(Caption-style text data)
....................

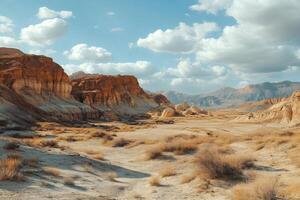 Scenic desert landscape with sandstone formations and sparse vegetation under a cloudy sky photo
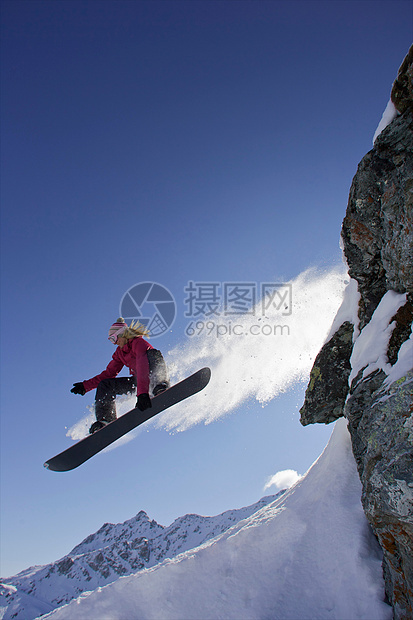 从岩石上跳下来的滑雪运动员图片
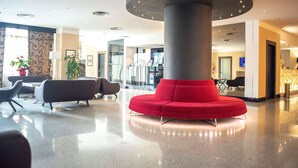 Un hall d’entrée moderne avec un espace de détente central aux sièges rouges, une grande colonne et une cloison en verre.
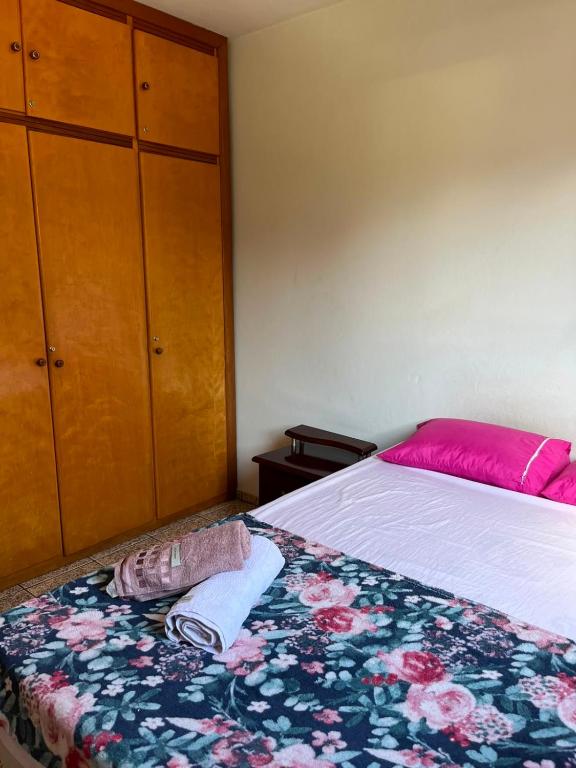 a bedroom with a bed and a dresser at Apartamento simples no centro de Lavras com garagem in Lavras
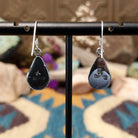 Handcrafted Navajo sterling silver teardrop earrings featuring vibrant Bumblebee Jasper cabochons with golden-yellow tones, natural earthy inclusions, and twisted rope border detailing; artisan and Sterling Silver stamp.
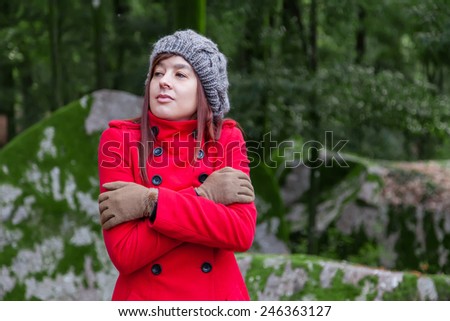 Young woman shivering with cold and embracing herself on a forest wearing a red overcoat, a beanie and gloves during winter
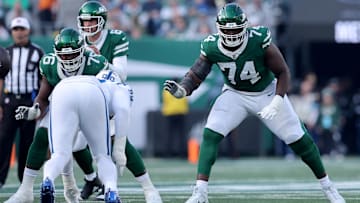 Nov 17, 2024; East Rutherford, New Jersey, USA; New York Jets offensive tackle Olu Fashanu (74) blocks for quarterback Aaron Rodgers (8) during the second quarter against the Indianapolis Colts at MetLife Stadium.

....................

Task objective:
In the copy, every entry must appear exactly as written, and no picture may appear.

Answer to this problem:
 Scenic desert landscape with sandstone formations and sparse vegetation under a cloudy sky photo
 从岩石上跳下来的滑雪运动员图片
 Un hall d’entrée moderne avec un espace de détente central aux sièges rouges, une grande colonne et une cloison en verre.
 a bedroom with a bed and a dresser at Apartamento simples no centro de Lavras com garagem in Lavras
 Handcrafted Navajo sterling silver teardrop earrings featuring vibrant Bumblebee Jasper cabochons with golden-yellow tones, natural earthy inclusions, and twisted rope border detailing; artisan and Sterling Silver stamp.
 Young woman shivering with cold and embracing herself on a forest wearing a red overcoat, a beanie and gloves during winter
 Nov 17, 2024; East Rutherford, New Jersey, USA; New York Jets offensive tackle Olu Fashanu (74) blocks for quarterback Aaron Rodgers (8) during the second quarter against the Indianapolis Colts at MetLife Stadium.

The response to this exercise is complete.